Scraped caption text data:
= = = = =
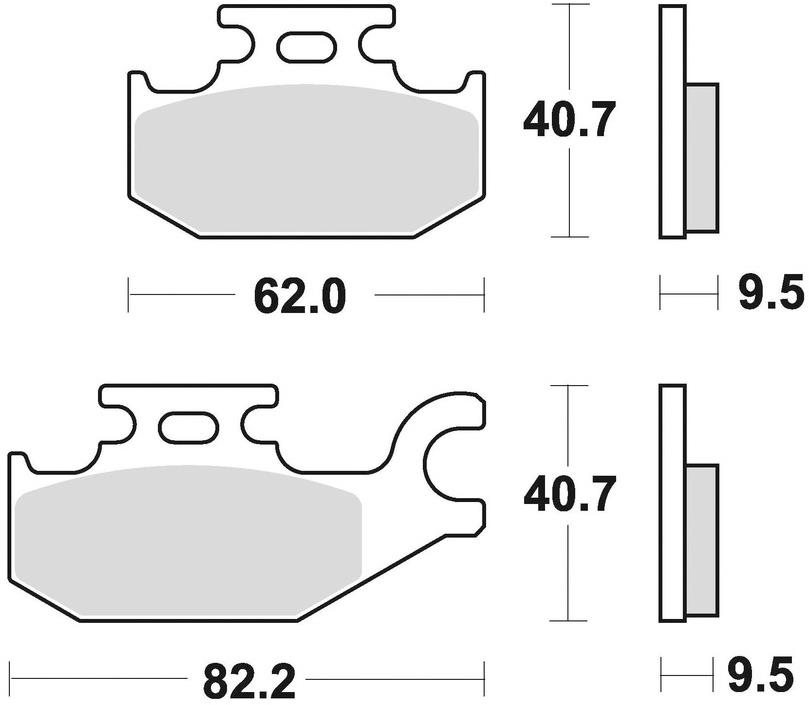 Braking brzdové doštičky (semi-metalická zmes SM1) (2ks) M501-168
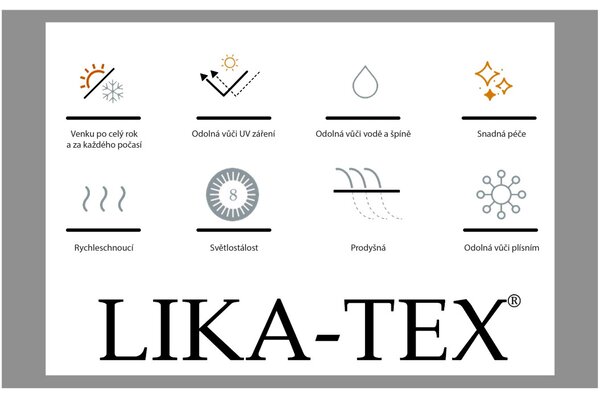 Doppler HAWAII LIKA-TEX®-TEX®, luxusní zahradní sestava, pro 6 osob
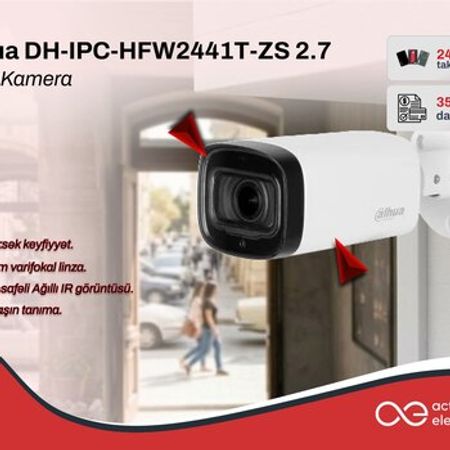 Dahua DH-IPC-HFW2441T-ZS (2.7–13.5mm) – 4MP IP kamera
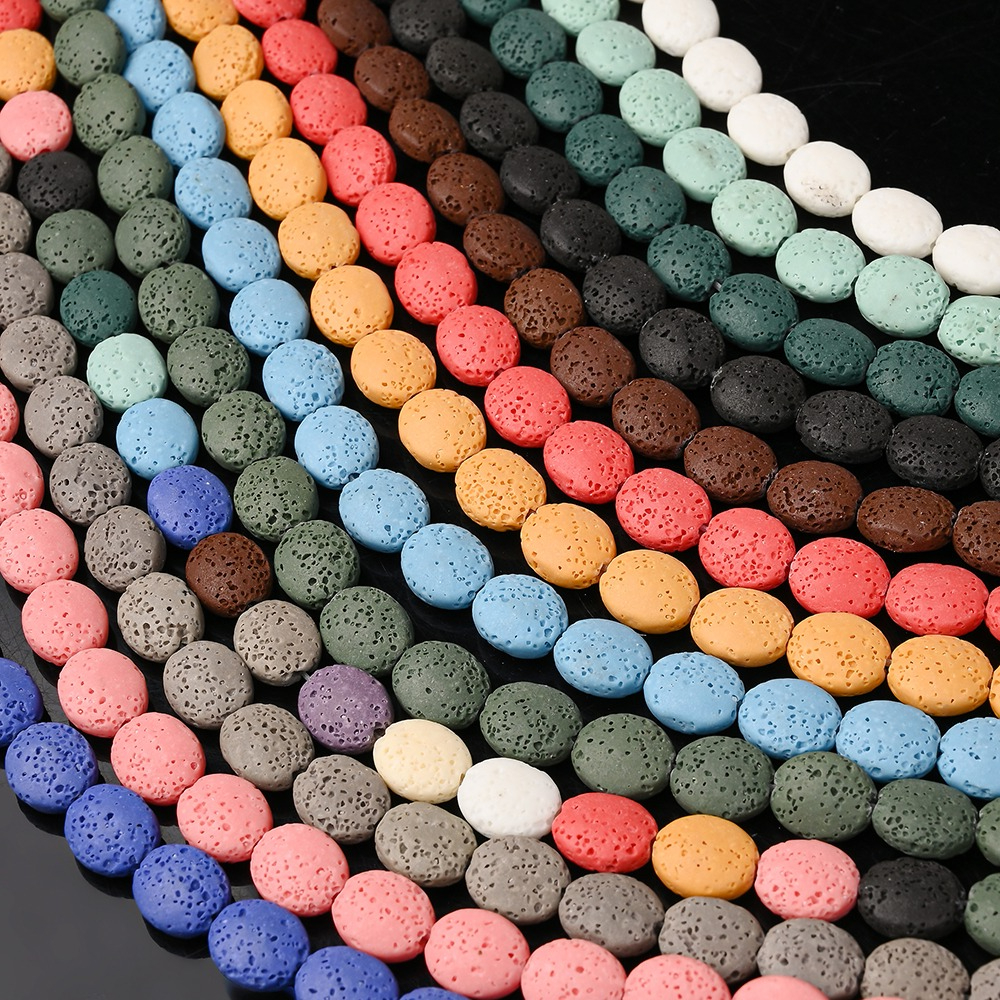 Natural Stone Beads Ellipse Loose Spacer Beads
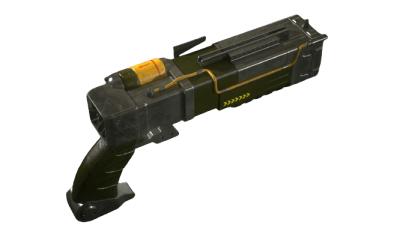 3d printed replica of the laser pistol from Fallout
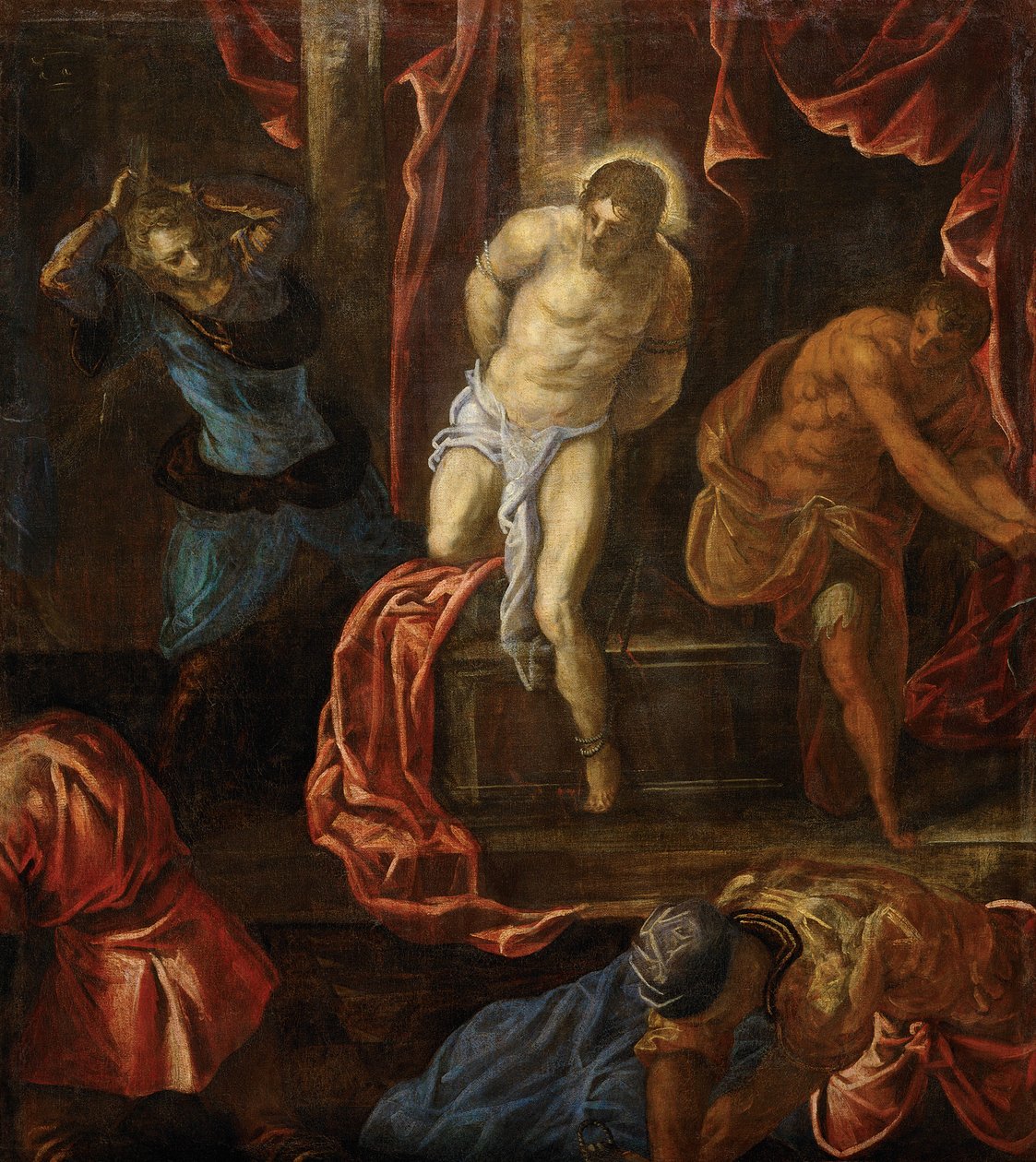 Die Geißelung Christi, ca. 1585-1590 von Jacopo Robusti Tintoretto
= = = = =
Task description: Return all the data exactly, and keep the pictures out.

Result:
 Braking brzdové doštičky (semi-metalická zmes SM1) (2ks) M501-168
 Doppler HAWAII LIKA-TEX®-TEX®, luxusní zahradní sestava, pro 6 osob
 Dahua DH-IPC-HFW2441T-ZS (2.7–13.5mm) – 4MP IP kamera
 Natural Stone Beads Ellipse Loose Spacer Beads
 3d printed replica of the laser pistol from Fallout
 Die Geißelung Christi, ca. 1585-1590 von Jacopo Robusti Tintoretto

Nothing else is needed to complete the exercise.